Thunderstorms developed far to the north of Alberto. Look for them just south of Chicago. Also look to the extreme left of the animation. In the second image, from NOAA-20, you can make out a streak of lightning occurring over Oklahoma.
Speaking of the polar orbits of Suomi NPP and NOAA-20, this portion of a video produced by NOAA shows how the two spacecraft cover the planet every day, with each one making 14 orbits in a 24-hour period. (You’ll note an icon popping up toward the beginning indicating that I turned off the sound when I did a screen recording of this part of the video. Whoops! 😉 )
Suomi NPP was a joint NOAA-NASA demonstration satellite launched in 2011. It has served as a pathfinder for NOAA-20. And a second polar satellite, JPSS-2, is being designed and built, with a launch scheduled for 2021.
This image looking down on the Arctic was produced with data acquired by NOAA-20 during its 14 passes over the region on April 12, 2018.
Here’s a detailed explanation from NOAA:
The VIIRS instrument onboard the satellite created this synthesized view of Earth with the North Pole directly in the center of the image. If you look closely, you’ll see the outline of the North American continent and the Baja Peninsula on the left hand side. Scientists use the data from the VIIRS sensor to create the ‘true-color’ product you see here. Like a photograph, the satellite reads the appearance of clouds, land, vegetation and water to create these images.
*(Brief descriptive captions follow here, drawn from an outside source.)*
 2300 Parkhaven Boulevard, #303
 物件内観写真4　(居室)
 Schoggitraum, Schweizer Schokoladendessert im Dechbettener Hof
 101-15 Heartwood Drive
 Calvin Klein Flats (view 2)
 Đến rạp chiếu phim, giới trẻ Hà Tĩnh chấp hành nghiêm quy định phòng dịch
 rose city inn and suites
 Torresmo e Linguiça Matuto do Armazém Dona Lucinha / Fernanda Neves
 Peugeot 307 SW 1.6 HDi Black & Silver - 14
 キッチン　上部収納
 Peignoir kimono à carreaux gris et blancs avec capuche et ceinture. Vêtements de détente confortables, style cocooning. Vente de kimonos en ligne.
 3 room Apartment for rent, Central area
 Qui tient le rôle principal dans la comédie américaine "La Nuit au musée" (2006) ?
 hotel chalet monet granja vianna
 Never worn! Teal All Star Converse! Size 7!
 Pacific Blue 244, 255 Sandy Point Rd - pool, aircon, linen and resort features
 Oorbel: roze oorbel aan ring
This is the image we have of our planet as it would appear if we could take a single photograph of the entire Northern Hemisphere. The swath line shown on the left hand side represents the start and end of the 24-hour period taken by the satellite to create the image.
NOAA released this image in honor of Earth Day, which falls on April 22.
To get a sense of just how far we’ve come in remote-sensing satellite technology, check out the animation above. The imagery was acquired on the first Earth Day, April 22, 1970, by the Applications Technology Satellite-3, or ATS-3.
To be fair, this was not a polar-orbiting satellite like NOAA-20. Instead, it observed the Earth from a geostationary position about 22,300 miles above Earth, much farther away. (This is the same orbit of the GOES-East and West satellites.) But still, I think the comparison is pretty revealing.
I chose this NOAA-20 image to close out this post because it shows something very unusual. Click on it to enlarge it, and then look closely. Can you guess what I’m getting at?
At the bottom third of the image is the Gulf of Mexico, with coastal Texas to the left, Louisiana, Mississippi and Alabama more or less in the middle, and Florida to the right. See that white stuff on the ground, including a swath that reaches almost to the Gulf?
A frigid Arctic airmass had plunged that far south, bringing record low temperatures — and snow. Pretty unusual in that region.